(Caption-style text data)
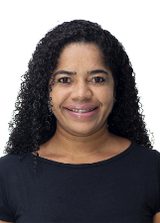 Manú das Flores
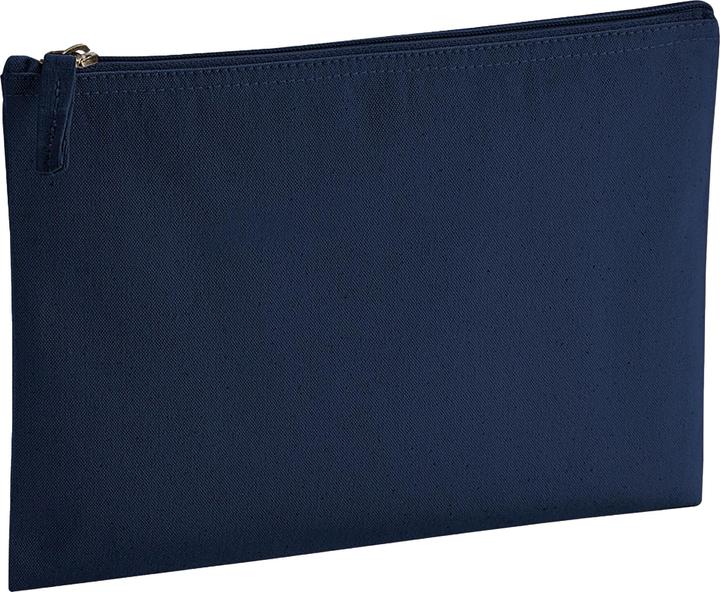 Image du produit Westford Mill - Sac à accessoires EARTHAWARE
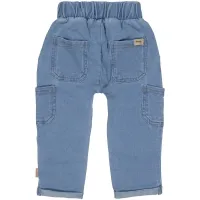Pants_Jog_Denim_Stone_Wash_5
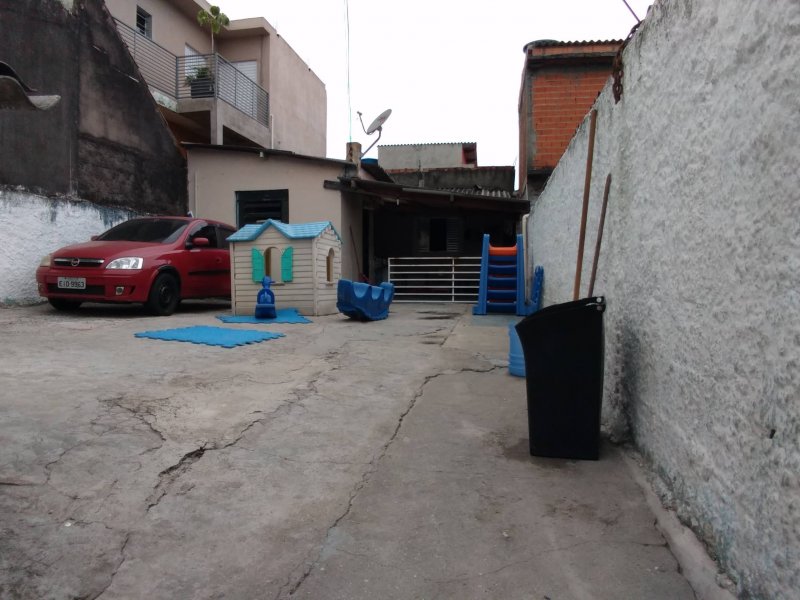 Casa à venda Jardim Panorama com 147m² e 1 quarto por R$ 210.000 - 1558588753-img-20200901-140118.jpg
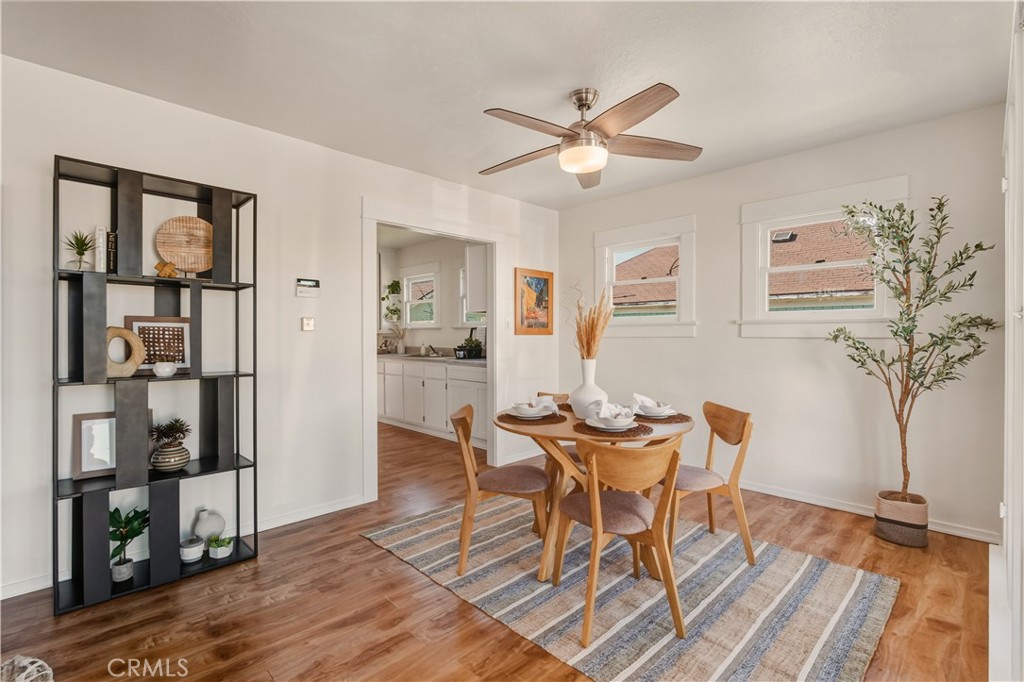 240 E Eldridge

**TASK INSTRUCTIONS**
What is needed is every line of the data above, set down exactly but with the images left out.

**ANSWER AREA**
 Manú das Flores
 Image du produit Westford Mill - Sac à accessoires EARTHAWARE
Pants_Jog_Denim_Stone_Wash_5
 Casa à venda Jardim Panorama com 147m² e 1 quarto por R$ 210.000 - 1558588753-img-20200901-140118.jpg
 240 E Eldridge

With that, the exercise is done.